In the late 1800s, as many European imperialists were scrambling and partitioning Africa, the Russian empire was extending eastwards. For a variety of reasons, Russia never showed a serious interest in colonizing Africa. It was regarded as a strategic overstretch because Africa was far away and difficult to reach.
Rather than joining other European powers in Africa, Russia was preoccupied with colonizing and conquering Central Asia and Siberia, which they still control today. The Czar needed to concentrate his efforts in Central Asia, where he had achieved military success.
The Russian Empire failed to take part in the colonization of Africa because it had no direct access to Africa. The Russian empire had four options for reaching Africa, but each had its own set of difficulties. To get to the warm seas, Russia had to overcome a number of challenges.
For Russia, the northern route was too long, and the port of Arkhangelsk was too frozen to allow any sea boats to cut through the ice sheets. At the time, Russia did not have the resources to cut the ice and make the long trek to Africa. For the empire, the route was deemed too costly.
The other option was the Baltic sea route which required Russia to sail via Germany, Denmark, the United Kingdom, and France, all of whom had little interest in allowing the Russians to participate in African colonization. The Russians were well aware that adopting the Baltic route would be met with opposition from major European countries, which further deterred them from participating in the colonization of Africa.
The third route would be crossing via the Ottoman empire. The Ottomans were Russia's bitter rivals and certainly would not have allowed them to pass. Between the 16th and the 20th centuries, the two empires fought a series of the longest European military confrontations. The Ottomans were obviously not going to help Russia's expansion in Africa.

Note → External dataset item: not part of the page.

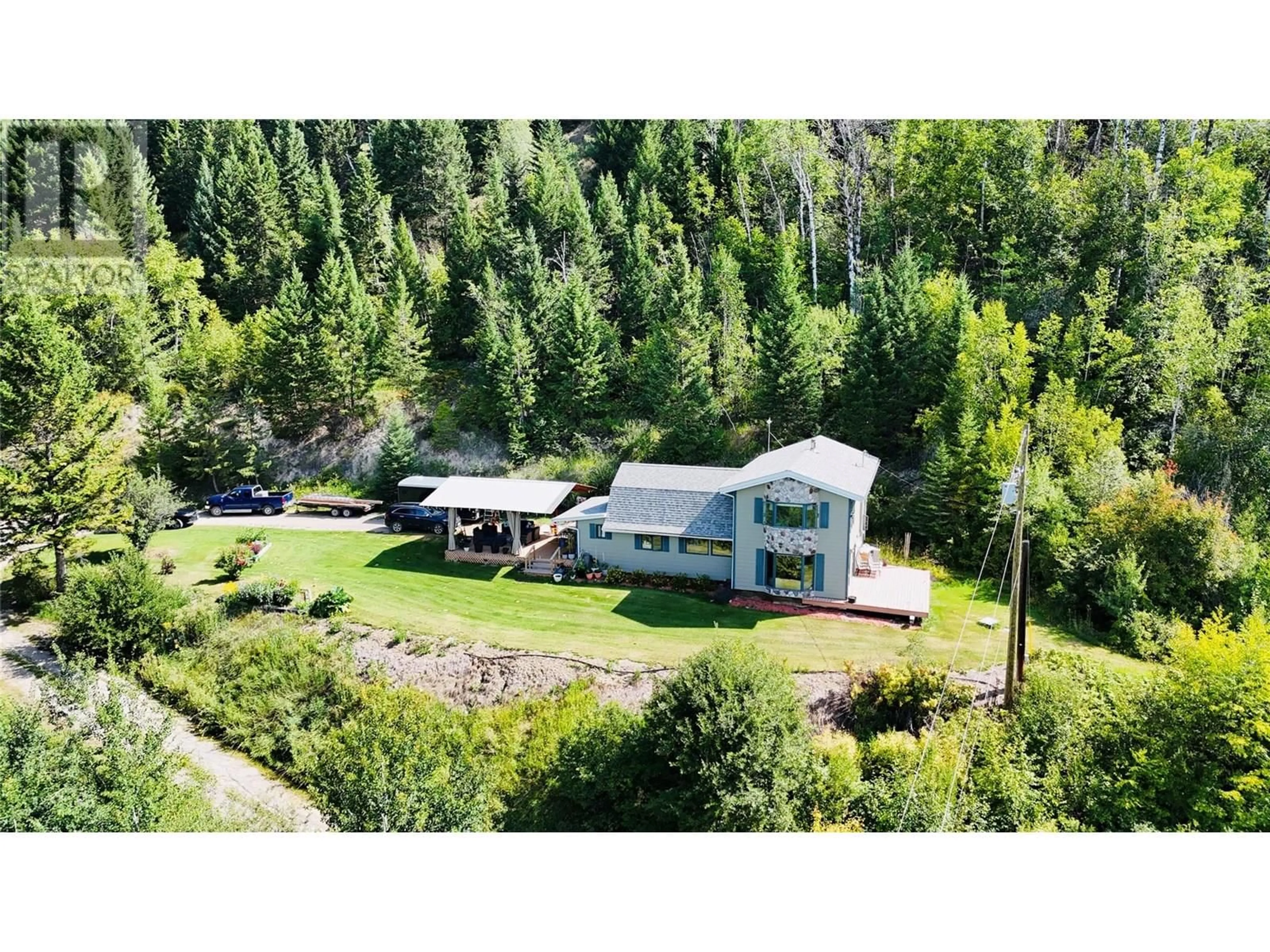A pic from outside/outdoor area/front of a property/back of a property/a pic from drone, unknown for 2538 95 HIGHWAY, Brisco British Columbia V0A1B0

In order to reach Africa by the fourth path, Russia had to go around the entire continent of Asia. The journey was costly because of the great distances and Russia lacked the financial wherewithal to conquer Africa. Rather than expanding westward, as many European nations did, the Russians chose to settle in Siberia and Alaska.
Despite the fact that the Russians did not have any territories in Africa, they were welcomed by other European imperialists at the Berlin conference in 1884. They were only able to attend the conference under strict restrictions. They were to help secure economic agreements and disseminate conservative Christian ideals across Africa.
Russians Cossacks An attempt to settle in the Horn of Africa
There was one incident in which Russian Cossacks under Nikolay Achinov, attempted to settle on the Horn of Africa, however the territory was already under the control of the French. These Russians thought that settling in on the Horn of Africa was a good idea. They chose Sagallo's abandoned Egyptian Fort as the site for the new Russian base. They cultivated cucumbers, melons, and tomatoes in the coming months. They also built a hospital and a school for the locals, and named the new settlement Novaya Moskva (New Moscow).
This operation was unwelcome in France that they sent an ultimatum to Achinov. Since he didn't know French, he assumed it was a kind letter from an ally. The French later attacked, killing a few Cossacks, and they raised a white flag and surrendered, subsequently returning to Russia.
Russia’s Secret Attempt to Colonize Madagascar
Before the Berlin conference, Russia attempted to annex Madagascar. Peter the Great was in charge of this top-secret endeavor. The Russians were unable to colonize Madagascar because they had insufficient knowledge of the country and it was too costly to govern a colony far from home.
Although Russia failed to colonize Africa, they built a colonial empire larger and more permanent than any European country's foray into Africa. The Russians were preoccupied with colonizing and conquering Central Asia and Siberia.